Work required: Where the string "heart" appears in a line of the data, show that line.

Records excerpted from a collection
----------------

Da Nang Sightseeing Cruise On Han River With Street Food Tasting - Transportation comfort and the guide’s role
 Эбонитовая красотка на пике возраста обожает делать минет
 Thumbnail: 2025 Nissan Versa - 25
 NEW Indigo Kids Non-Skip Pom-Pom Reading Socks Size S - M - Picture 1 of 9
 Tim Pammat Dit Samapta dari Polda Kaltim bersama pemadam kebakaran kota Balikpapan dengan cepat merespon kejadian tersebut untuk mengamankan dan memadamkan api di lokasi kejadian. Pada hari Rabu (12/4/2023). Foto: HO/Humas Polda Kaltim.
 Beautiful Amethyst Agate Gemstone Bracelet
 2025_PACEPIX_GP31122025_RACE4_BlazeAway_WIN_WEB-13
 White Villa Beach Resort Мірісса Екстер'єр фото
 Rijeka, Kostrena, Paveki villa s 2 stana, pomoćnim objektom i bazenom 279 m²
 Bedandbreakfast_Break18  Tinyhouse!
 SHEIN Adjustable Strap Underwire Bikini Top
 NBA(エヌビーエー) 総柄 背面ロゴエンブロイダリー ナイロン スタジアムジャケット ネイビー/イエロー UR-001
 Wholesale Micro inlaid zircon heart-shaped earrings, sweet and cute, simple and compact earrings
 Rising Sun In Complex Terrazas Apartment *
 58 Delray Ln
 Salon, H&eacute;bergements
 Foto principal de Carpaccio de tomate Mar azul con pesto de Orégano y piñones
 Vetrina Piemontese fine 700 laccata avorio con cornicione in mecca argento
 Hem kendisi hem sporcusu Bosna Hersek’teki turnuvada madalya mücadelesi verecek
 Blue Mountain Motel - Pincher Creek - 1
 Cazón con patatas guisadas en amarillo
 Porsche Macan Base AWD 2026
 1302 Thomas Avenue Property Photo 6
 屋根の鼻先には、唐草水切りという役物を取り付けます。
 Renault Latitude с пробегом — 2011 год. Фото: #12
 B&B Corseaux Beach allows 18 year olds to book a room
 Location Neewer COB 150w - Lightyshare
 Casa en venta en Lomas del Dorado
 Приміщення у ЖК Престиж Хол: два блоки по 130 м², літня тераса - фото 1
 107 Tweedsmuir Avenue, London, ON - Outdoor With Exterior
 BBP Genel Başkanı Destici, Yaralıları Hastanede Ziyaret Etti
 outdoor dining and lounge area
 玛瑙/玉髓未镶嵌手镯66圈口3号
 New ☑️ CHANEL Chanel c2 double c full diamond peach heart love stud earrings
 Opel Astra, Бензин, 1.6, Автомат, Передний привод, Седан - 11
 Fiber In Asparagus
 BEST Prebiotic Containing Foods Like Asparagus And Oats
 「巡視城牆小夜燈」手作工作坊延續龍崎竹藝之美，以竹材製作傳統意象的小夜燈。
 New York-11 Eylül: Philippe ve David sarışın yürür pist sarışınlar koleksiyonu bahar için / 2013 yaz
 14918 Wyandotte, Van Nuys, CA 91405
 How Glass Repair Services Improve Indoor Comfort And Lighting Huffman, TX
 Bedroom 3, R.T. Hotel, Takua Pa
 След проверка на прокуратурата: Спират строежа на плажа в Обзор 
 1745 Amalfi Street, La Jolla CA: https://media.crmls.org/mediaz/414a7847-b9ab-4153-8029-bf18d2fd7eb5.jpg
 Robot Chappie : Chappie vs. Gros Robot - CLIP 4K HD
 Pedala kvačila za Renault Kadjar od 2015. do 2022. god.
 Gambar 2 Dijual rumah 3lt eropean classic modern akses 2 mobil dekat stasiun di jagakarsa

----------------

Exercise result:
 Wholesale Micro inlaid zircon heart-shaped earrings, sweet and cute, simple and compact earrings
 New ☑️ CHANEL Chanel c2 double c full diamond peach heart love stud earrings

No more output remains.